Через пару дней Андрей уже шуровал на дизеле… Приходил домой чумазый. Нюра кипятила в большом чугуне воду, совместными усилиями кое-как отмывали грязь.
– Что уж ты такой грязный-то? – выговаривала ему Нюра. – Другие все-таки чище приходят.
– Я ж на одном работаю, а другой ремонтирую. А там, как с завода выпустили, так ни разу не чистили, наверно.
Ефим недовольно смотрел на Андрея, не нравилось ему, что сын – моряк, партийный, с десятилеткой – возюкается в машинной грязи, как самый захудалый шоферишко. Он думал, будет иначе: придет Андрей, ему дадут какое-нибудь место в учреждении или пошлют учиться в город. Все-таки не так уж много возвращается народу со службы с десятилеткой да с орденом… К тому же партиец.
– Не я буду, если не выжму из дирекции душ с горячей водой, – говорил Андрей, докрасна растираясь мохнатым полотенцем. Под кожей на руках, на спине, на широкой татуированной груди (татуировка – до флота еще) взбухали, перекатывались тугие бугры мышц.
– Кошмар, – сказал Пашка, увидев однажды брата без рубахи. – Ты служил там или гири качал?
Андрей коротко хохотнул.
– Первый разряд по борьбе.
– Попробуй с Иваном, – посоветовал Пашка.
– Он боролся когда-нибудь?
– У него тоже полно этого… – Пашка показал на бицепсы.
– Можно попробовать.
– Еще чего!… – Встрял в их разговор Ефим. – Сгребутся на смех людям. У тебя, Пашка, одна дурь в голове. Надо же умнеть маленько – лет-то много уж.

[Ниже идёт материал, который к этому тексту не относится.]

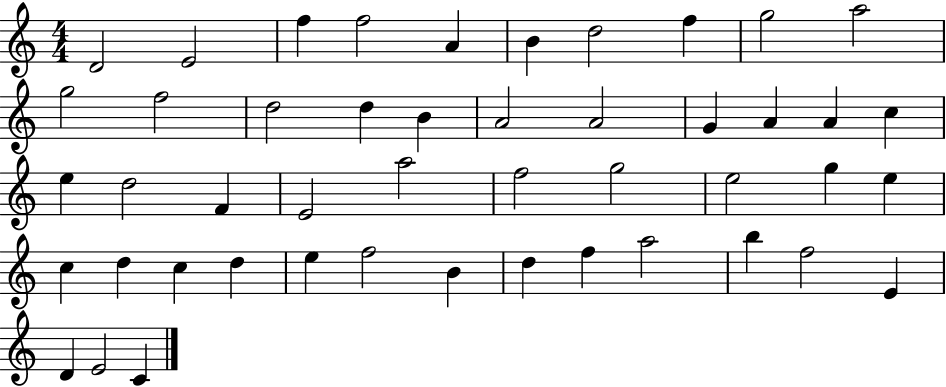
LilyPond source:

{
  \clef treble
  \numericTimeSignature
  \time 4/4
  \key c \major
  d'2 e'2 | f''4 f''2 a'4 | b'4 d''2 f''4 | g''2 a''2 | \break g''2 f''2 | d''2 d''4 b'4 | a'2 a'2 | g'4 a'4 a'4 c''4 | \break e''4 d''2 f'4 | e'2 a''2 | f''2 g''2 | e''2 g''4 e''4 | \break c''4 d''4 c''4 d''4 | e''4 f''2 b'4 | d''4 f''4 a''2 | b''4 f''2 e'4 | \break d'4 e'2 c'4 | \bar "|."
}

– А что тут такого? Это же не бокс.
– Пошел к дьяволу…
Один раз Ефим не выдержал, спросил Андрея:
– Ты что, так и будешь всю жизнь вот такой ходить?
– Какой? – не понял Андрей.
– Такой вот – ни глаз, ни рожи.
– Специальность такая.
– Бросить ее надо к чертовой матери, специальность такую. Плохая, значит.
– А мне нравится.
– Ехал бы учиться… Может, в люди выйдешь. Башка-то есть ведь.

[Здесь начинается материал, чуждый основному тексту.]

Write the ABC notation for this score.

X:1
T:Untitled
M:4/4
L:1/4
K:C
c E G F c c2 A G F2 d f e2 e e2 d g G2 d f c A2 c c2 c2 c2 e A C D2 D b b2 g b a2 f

– А сейчас я что, не человек?
– Тэ-э… человек, – Ефим презрительно сморщился, махнул рукой. – Костомелить-то так любой сумеет, дело нехитрое.

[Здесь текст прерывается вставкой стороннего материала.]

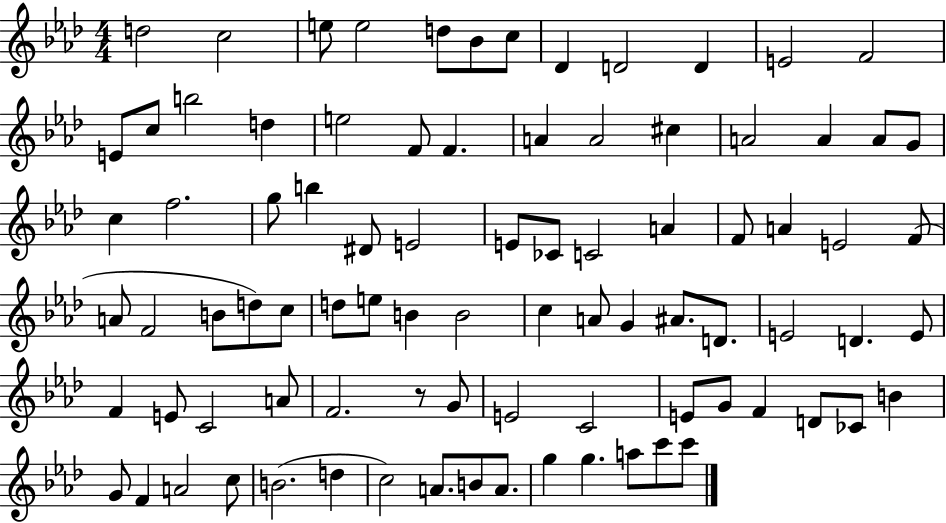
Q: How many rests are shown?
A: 1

Андрей промолчал. Ефим ушел в горницу, пнул кошку, заматерился в полголоса. Ему очень хотелось, чтоб Андрей вышел в большие люди. Он завидовал отцам, у которых сыновья служили офицерами или учились в институтах. Он не одну ночь думал о том, как он пошлет Андрея в институт, как тот приедет к нему на побывку и они пойдут вместе по деревне. Хотелось на старости лет доказать людям, что и Любавины тоже могут башкой работать. На Пашку он давно махнул рукой, а на Андрея крепко надеялся, радовался его успехам во флоте… Он знал, что Андрей упрям, если бы захотел, то добился бы многого.